Castro is the last revolutionary still standing. And his was a real revolution. Venezuela’s left-wing strongman Hugo Chavez pales in comparison. He offers only populist economics and an obnoxious travel itinerary. Castro delivered the real thing: the expropriation of all foreign property; an assault on private real estate; the exiling of the Cuban middle class; the militarization of society.

His revolution had the advantage of not being quite as embarrassing as the others. Stalin, Mao and Pol Pot all became indefensible even for the most credulous. At least the transgressions of Castro’s rule can almost be papered over with lies and wishful thinking.

It only adds to his prestige that he has managed it while defying the United States. Part of the American left is in love with the idea of American weakness, that we are a clumsy colossus whose actions always fail. And there is Castro – survivor of the Bay of Pigs and countless assassination attempts – a living exemplar of American ineffectualness. With a whiff of admiration, news accounts say that he has outlasted eight American presidents – who had the inconvenience, of course, of dealing with free elections.

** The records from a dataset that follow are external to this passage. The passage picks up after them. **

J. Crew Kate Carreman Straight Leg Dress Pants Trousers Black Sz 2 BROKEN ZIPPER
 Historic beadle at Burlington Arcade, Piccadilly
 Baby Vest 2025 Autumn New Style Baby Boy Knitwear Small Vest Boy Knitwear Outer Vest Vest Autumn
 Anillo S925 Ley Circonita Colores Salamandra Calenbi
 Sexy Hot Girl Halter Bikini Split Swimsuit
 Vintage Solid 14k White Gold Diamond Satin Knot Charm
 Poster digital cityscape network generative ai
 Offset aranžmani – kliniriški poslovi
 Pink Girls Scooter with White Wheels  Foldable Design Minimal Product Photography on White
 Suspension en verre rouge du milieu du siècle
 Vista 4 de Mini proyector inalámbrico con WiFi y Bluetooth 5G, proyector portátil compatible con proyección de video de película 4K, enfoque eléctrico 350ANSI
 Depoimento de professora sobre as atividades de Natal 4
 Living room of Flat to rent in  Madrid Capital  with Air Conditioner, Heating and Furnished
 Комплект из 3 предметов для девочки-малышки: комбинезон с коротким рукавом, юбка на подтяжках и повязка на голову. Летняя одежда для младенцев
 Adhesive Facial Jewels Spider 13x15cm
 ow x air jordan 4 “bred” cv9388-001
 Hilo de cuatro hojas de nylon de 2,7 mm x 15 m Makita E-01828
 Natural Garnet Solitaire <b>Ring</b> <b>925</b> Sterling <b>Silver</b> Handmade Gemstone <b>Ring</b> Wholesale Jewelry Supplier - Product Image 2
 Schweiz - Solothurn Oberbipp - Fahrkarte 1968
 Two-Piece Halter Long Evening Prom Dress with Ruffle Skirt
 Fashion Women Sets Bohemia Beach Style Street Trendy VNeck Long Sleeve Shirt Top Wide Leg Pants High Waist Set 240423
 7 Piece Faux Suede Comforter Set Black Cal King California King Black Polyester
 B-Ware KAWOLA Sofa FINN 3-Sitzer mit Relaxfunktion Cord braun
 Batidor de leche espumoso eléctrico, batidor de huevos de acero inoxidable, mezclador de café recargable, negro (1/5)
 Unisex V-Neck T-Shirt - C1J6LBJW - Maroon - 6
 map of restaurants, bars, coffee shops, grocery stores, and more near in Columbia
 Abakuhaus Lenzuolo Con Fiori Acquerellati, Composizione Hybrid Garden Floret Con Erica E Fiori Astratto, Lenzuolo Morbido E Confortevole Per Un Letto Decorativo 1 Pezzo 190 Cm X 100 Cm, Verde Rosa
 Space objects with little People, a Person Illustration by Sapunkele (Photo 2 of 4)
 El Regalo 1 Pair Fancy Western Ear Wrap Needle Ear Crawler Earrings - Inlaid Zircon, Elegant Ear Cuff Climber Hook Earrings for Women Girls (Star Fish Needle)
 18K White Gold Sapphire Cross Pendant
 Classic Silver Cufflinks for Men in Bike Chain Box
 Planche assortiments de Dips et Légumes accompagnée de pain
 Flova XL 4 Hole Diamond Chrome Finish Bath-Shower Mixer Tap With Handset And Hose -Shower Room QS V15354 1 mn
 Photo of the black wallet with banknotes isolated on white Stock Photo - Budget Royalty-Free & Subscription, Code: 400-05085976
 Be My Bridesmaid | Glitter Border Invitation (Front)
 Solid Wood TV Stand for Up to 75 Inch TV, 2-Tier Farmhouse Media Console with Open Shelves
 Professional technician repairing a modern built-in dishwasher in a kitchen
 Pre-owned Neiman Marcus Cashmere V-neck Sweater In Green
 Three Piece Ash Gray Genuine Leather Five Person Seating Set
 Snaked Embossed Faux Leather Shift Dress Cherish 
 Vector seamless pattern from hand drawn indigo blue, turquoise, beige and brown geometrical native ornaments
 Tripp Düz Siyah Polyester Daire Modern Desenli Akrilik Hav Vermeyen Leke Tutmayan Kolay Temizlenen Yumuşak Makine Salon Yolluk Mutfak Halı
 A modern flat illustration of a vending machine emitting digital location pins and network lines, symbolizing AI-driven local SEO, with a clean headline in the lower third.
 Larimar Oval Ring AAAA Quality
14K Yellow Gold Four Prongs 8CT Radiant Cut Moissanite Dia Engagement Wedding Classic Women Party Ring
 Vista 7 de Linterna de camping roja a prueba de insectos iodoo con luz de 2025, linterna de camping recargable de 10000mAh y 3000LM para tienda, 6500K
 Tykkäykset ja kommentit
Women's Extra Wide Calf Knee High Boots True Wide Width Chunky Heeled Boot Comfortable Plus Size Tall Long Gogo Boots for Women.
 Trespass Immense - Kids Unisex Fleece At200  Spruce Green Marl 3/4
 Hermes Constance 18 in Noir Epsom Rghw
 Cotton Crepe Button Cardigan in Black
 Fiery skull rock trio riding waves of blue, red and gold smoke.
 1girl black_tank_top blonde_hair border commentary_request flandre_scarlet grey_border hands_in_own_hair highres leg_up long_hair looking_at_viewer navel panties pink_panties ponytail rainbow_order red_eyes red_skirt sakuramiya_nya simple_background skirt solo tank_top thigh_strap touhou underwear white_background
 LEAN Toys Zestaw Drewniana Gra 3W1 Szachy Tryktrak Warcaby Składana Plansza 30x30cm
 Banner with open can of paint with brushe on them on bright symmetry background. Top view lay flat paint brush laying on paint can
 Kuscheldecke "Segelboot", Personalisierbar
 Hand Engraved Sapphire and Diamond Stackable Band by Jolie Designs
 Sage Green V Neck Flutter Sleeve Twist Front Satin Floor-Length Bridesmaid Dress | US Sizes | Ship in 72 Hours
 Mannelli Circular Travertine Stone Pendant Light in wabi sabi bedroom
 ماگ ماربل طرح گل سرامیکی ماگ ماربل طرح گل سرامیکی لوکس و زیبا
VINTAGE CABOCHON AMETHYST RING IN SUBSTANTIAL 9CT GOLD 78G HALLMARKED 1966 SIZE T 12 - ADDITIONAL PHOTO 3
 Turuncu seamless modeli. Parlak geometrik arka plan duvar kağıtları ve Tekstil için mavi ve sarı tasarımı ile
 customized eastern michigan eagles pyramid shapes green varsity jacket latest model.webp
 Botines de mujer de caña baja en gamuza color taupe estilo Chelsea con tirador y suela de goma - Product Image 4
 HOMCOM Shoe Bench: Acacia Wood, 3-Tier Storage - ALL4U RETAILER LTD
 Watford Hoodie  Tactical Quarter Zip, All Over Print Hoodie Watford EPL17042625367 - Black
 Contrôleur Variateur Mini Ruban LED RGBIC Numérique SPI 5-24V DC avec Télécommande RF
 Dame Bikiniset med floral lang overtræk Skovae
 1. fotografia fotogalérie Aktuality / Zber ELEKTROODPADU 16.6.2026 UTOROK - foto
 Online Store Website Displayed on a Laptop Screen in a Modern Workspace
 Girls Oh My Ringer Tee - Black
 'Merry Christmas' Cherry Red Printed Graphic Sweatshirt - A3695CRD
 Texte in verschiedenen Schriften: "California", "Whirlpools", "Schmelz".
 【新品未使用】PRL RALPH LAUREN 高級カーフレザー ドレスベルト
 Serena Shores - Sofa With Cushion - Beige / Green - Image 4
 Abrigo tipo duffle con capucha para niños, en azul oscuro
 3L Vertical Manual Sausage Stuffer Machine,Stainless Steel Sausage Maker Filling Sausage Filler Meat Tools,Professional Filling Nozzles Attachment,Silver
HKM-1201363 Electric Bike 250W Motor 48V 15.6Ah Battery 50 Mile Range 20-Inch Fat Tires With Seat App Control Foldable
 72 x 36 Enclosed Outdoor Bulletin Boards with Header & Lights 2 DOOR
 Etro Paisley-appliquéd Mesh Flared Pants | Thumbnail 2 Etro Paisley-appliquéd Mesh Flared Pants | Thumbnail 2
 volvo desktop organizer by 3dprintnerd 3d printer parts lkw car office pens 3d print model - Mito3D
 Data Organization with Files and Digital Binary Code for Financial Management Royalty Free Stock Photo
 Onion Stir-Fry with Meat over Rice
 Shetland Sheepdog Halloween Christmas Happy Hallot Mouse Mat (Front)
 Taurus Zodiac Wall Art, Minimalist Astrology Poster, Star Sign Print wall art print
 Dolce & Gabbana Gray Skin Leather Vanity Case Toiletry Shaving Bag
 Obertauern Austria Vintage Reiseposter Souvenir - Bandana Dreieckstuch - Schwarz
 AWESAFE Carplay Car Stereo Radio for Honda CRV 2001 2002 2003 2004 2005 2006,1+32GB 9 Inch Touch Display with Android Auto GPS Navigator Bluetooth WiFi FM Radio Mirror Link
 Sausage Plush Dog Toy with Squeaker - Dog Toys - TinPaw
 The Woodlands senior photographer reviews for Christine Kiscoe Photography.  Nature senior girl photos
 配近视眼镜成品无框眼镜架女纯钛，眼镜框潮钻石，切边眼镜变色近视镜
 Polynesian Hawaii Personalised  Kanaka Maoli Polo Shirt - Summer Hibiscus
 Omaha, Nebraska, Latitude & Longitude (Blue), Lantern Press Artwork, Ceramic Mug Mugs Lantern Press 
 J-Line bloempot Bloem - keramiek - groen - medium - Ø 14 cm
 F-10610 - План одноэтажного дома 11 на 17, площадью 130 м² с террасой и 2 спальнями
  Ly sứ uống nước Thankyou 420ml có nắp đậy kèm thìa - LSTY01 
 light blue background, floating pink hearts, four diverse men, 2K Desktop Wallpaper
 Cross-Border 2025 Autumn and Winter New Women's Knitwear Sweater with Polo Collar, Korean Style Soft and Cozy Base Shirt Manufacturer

The common defenses of Castro’s regime, that he has dramatically improved health care and literacy, are propaganda. Cuba already excelled in these areas prior to the revolution in 1959, and since then, all Latin American countries have been gaining, thanks to the diffusion of technology. It is obviously a canard that the way forward for developing nations is dictator-led command economies. Cuba’s economy has been limping ever since Castro took power, and now the country is a 1950s relic that can’t feed itself.

Ultimately, what probably attracts leftists to Castro is sheer power. He represents what the late writer John Francois-Revel called “the totalitarian temptation” – in this case, socialism with the ability to tell anyone who disagrees to “shut up.” Why else wouldn’t they instead celebrate all the former communists who have become Cuban dissidents? Or a jailed dissenter like Oscar Biscet who takes Martin Luther King Jr. as a model? Or all those men and women who risked so much to flee Cuba and live on the hope of a new birth of freedom in their native land?

They are the ones who deserved to be romanticized, who are the truly revolutionary idealists. But the Jack Nicholsons and Rep. Charlie Rangels and the trade unions pay no attention to them. One can only hope that one day the pro-Castro fever breaks and the memory of this egomaniacal thug shames his supporters from the grave.